India Moves to Ease Fears Over Run on Rupees

"The temporary [cash] shortage caused by a sudden and unusual increase in some areas is being tackled quickly," the country's finance minister says.
Matthew HellerApril 17, 2018

India’s government on Tuesday sought to ease concerns over a cash crunch that has shut down ATMs around the country, saying it was taking steps to address the shortage.

Currency withdrawal by individuals for the January-March period was at 1.4 trillion rupees, sharply higher than 1.1 trillion rupees in the same quarter of 2016, according to Reserve Bank of India data. Demand for cash shot up by 450 billion rupees ($6.9 billion) in the first two weeks of April alone.

“In just one busy shopping street in Delhi today, eight of out of nine banks displayed signs declaring that they had run out of cash, with long queues outside the one branch that was still dispensing money,” The Times of London reported on Tuesday.

But the Finance Ministry said in a statement that “The government is taking all steps to ensure that ATMs are supplied with cash and to get non-functional ATMs normalized at the earliest,” while Finance Minister Arun Jaitley tweeted that there “was more than adequate currency in circulation.”

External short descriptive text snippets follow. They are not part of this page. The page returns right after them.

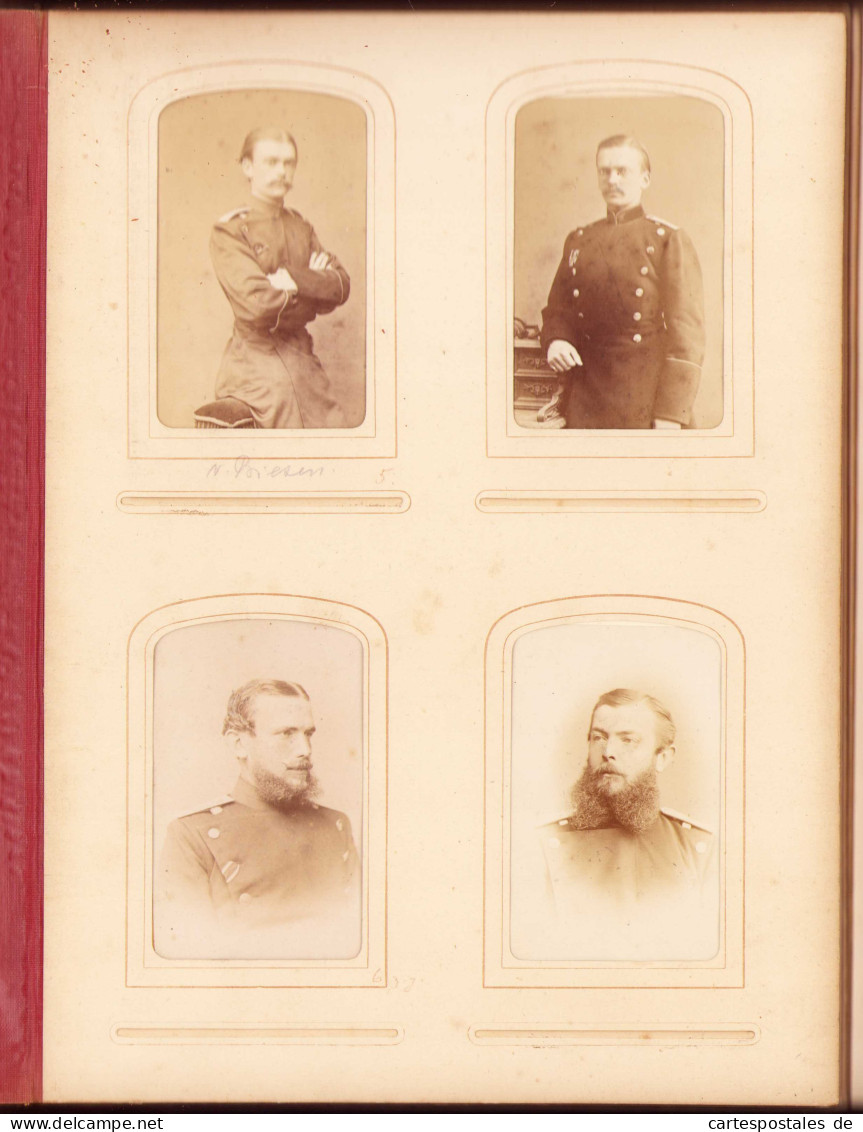 Fotoalbum 1875 Preussische Kriegsakademie Berlin, 57 Fotografien dt. Offiziere in Uniform mit Orden 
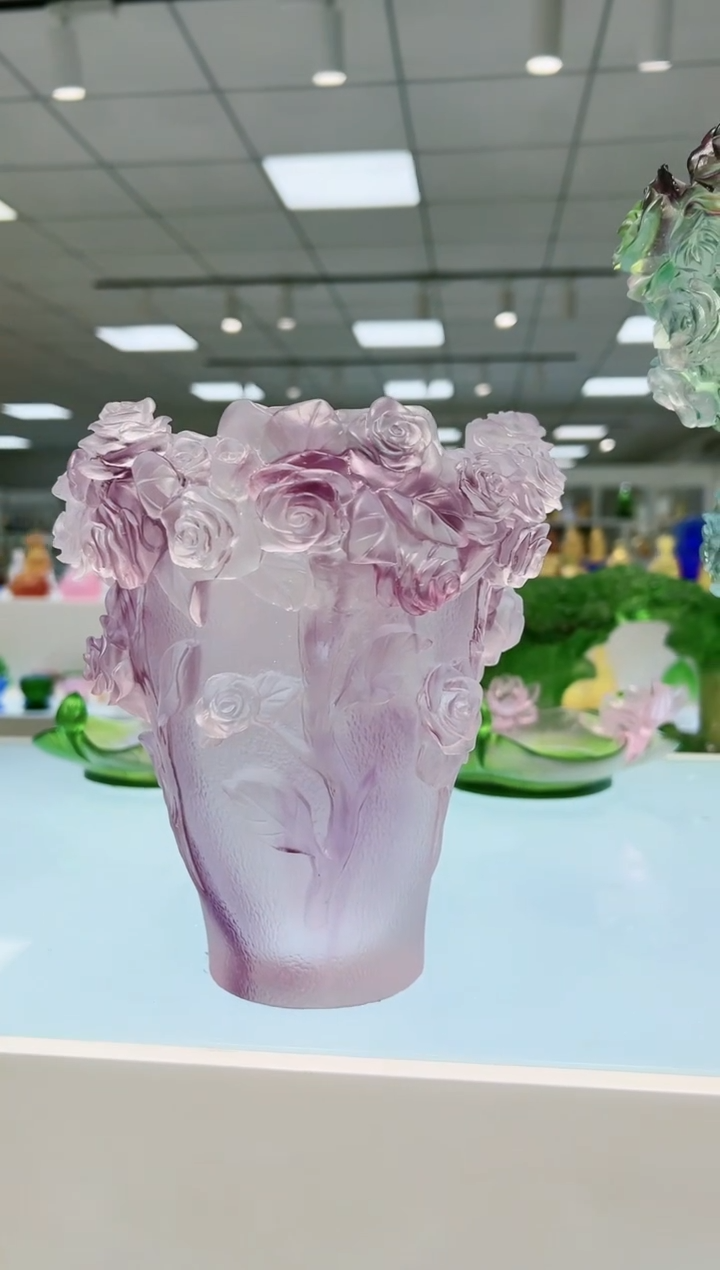 【闪购商品】茶宠古法琉璃淡紫色花瓶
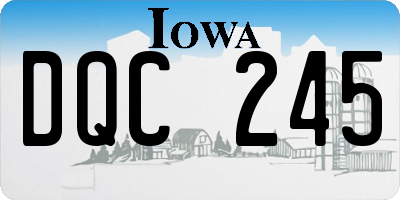 IA license plate DQC245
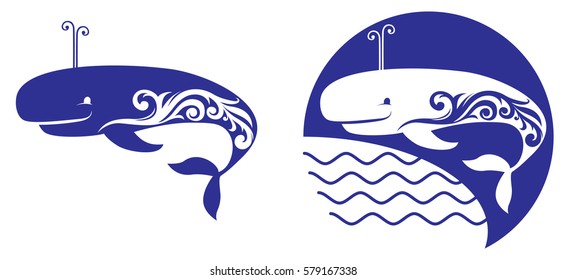 whale symbol, vector illustration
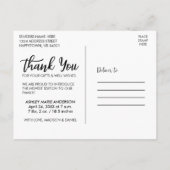 モダンな新しいベビーありがとうホットピンク ポストカード (裏面)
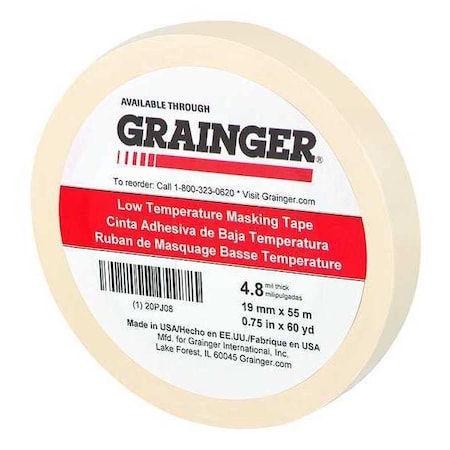Masking Tape, 3/4 in W x 60 yd L, 4.8 mil Thick, Tan, Rubber Adhesive
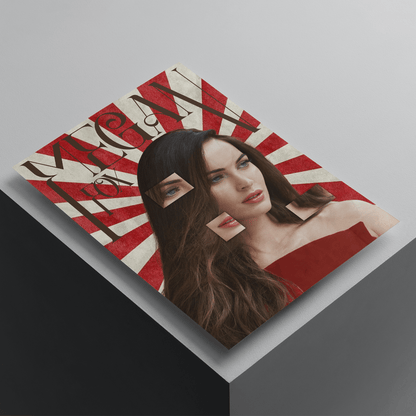Megan Fox fashion poster featuring a creative collage design with red and white geometric background, premium celebrity wall art print.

“The temporary shortage caused by a sudden and unusual increase in some areas is being tackled quickly,” he added.

The Reserve Bank of India, the country’s central bank, insisted it had “sufficient cash” in its vaults but said it was increasing the printing of rupee notes at its presses around the country, including a five-fold jump in the printing of 500 rupee notes.

The cash crunch has revived fears of a repeat of the crisis that ensued after India’s Prime Minister Narendra Modi in late 2016 announced he was scrapping the 1,000 and 500 rupee notes with only months’ notice. The “demonetization” was aimed to promoting a digital economy to combat counterfeiting and bribery.

Cash withdrawals in India go up during crop harvest season, which is usually during March to April, and then during festival season in October, but the unusual demand for cash over the past three months suggests that people are hoarding high-value notes.

Analysts say that concerns over the health of India’s banking system have also triggered savers to withdraw cash.